I see more and more organisations wanting to provide full resiliency for all Lync workloads (IM and Presence, Conferencing, the lot) as Lync becomes more of a business critical service. They want to ensure they can still provide IM and Presence in the event an entire site goes down. The supported and recommended Microsoft scenario to achieve this is the Metropolitan Site Resiliency Solution, which requires a significant amount of infrastructure to achieve full Lync resiliency in the event of site failure. It can be cost prohibitive, complex to deploy and manage and the reality is that very few organisations are setup to support this.
I’ve managed to come up with a model that I’ve architected for an organisation that cannot deploy full metro data centre resiliency (stretched VLAN, SAN replication etc) but still want some level of site resiliency for all Lync functionality.
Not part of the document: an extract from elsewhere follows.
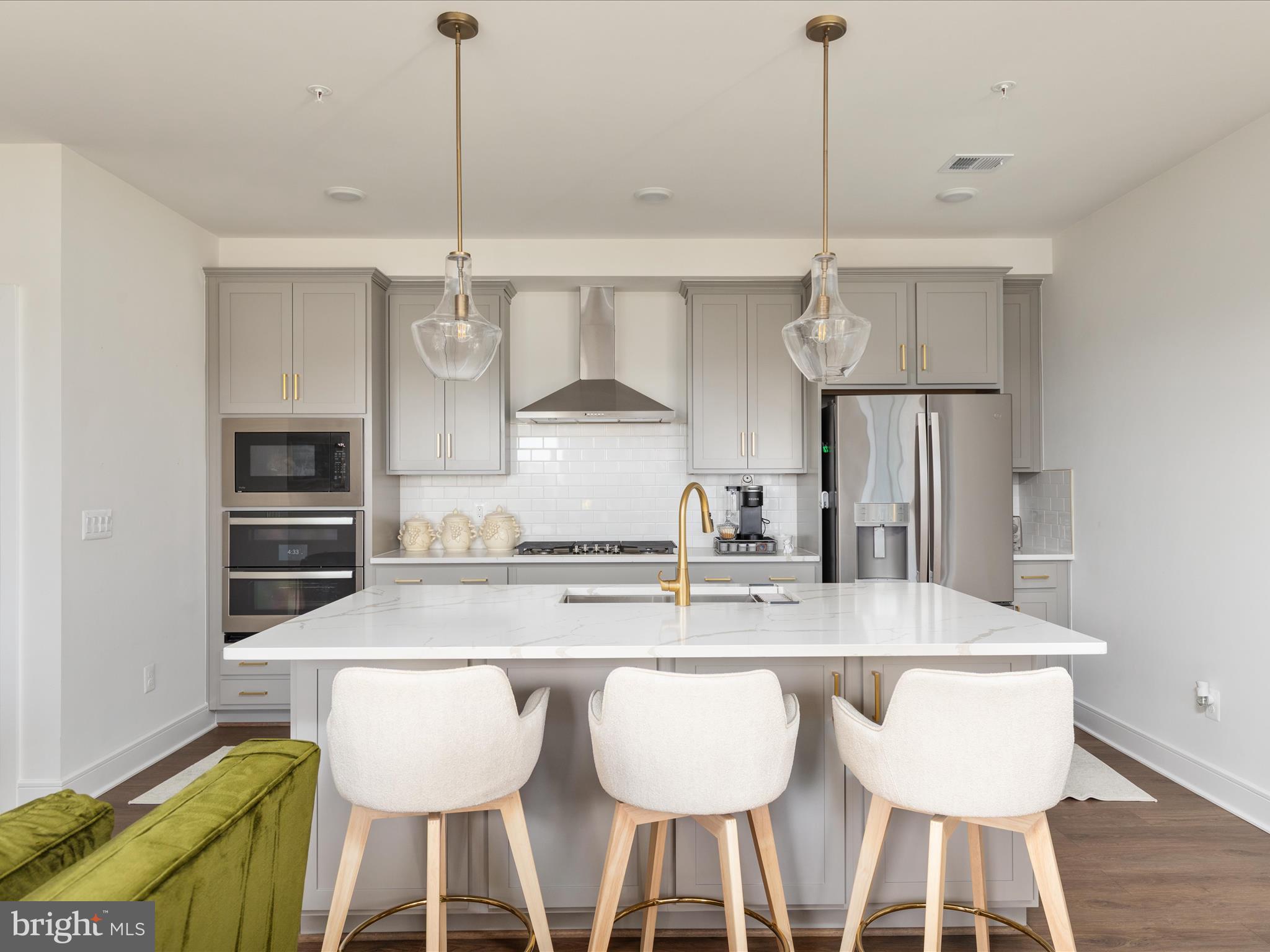 Ashburn, Virginia, 20148, United States, 3 Bedrooms Bedrooms, ,2 BathroomsBathrooms,Residential,For Sale,1980146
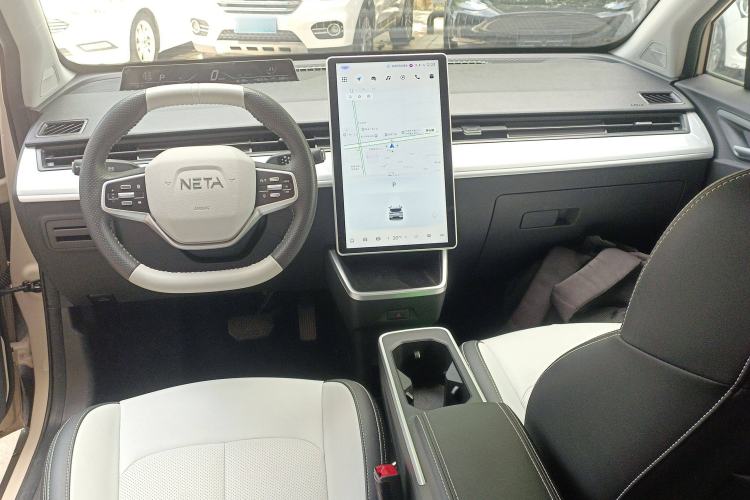 Used NETA AYA 2023 401 Interior 2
In this post, I’ll cover how you can provide site resiliency capabilities for not just voice but also IM and Presence, Conferencing and all other Lync workloads.
Introduction
I just want to cover off a few things before I begin just to set the scene. In this post, I’ll cover specifically site level resiliency only and not data or server level resiliency. At a high level, you can achieve data level resiliency by deploying SQL clustering for your Lync databases and for server level resiliency, by deploying an Enterprise Edition Front End pool, Mediation Server pool, etc. I’m not going to go into too much detail about achieving resiliency for voice either, because this is well documented on TechNet.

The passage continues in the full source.